One thing that you could do to is check into hydrocarbon refrigerants. These refrigerants are a blend of CO2, butane, and propane. HC12 is the equvalent to R12 freon, and will circulate the old mineral oil, so there's no need to flush the system completely. This stuff sounds dangerous to charge a refrigeration system with, but it really isn't for two big reasins. Part of the process of charging a refrigeration system is to evacuate all the system of air. Since there's no air in the system, there's nothing to burn. Also, since there's CO2 in there, it will keep any burning from occuring anyways. The second is the fact there is not any source of ignition within a refrigeration loop that could even cause the stuff to ignite. Hydrocarbon refrigerants have been made illegal in automobiles partly because the EPA has bowed to industry pressure (companies know how cheap and how well the stuff works, and the chemical companies that make CFC's could easily be put out of business!), and because of the off chance the condenser is punctured during a collision, it could result in the release of the flammable gas (R134 is flammable too BTW!) Many Asian built refrigerators however are using hydrocarbon refrigerants with good results. The refrigerants carry more heat, and have lower head pressures. The result is a cooler fridge that uses less electricity!!! I have posted a link here to enviro-safe refrigerants who sells hydrocarbon refrigerant for appliances and automotive uses.

 
Thanks for all the info...

I really wouldn't mind spending some money on replacing the compressor and having it recharged with whatever will make it work, but I myself don't have the time or know-how to accomplish this. I just was surprised that shop after shop that I called basically didn't want to touch it. I wonder if they are worried it would be a warranty/repeat visit nightmare after the work was done.

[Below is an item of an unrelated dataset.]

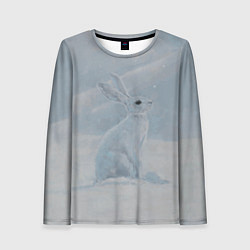 Женский лонгслив Заяц среди снега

I'm still curious if any of you vintage refrigerator owners have encountered a bad compressor and what you have done. I have seen some pics of 50's and 60's refrigerators out there and would be amazed if they have never needed a repair, unless they've been in the same house forever and never been moved.
 
Amazing but many 50's fridges and earlier are still chugging away with no repairs in the basements and garages by the thousands. My moms pre 1956 GE is still going and it has been moved at least 6 times. Now residing at my sisters cabin.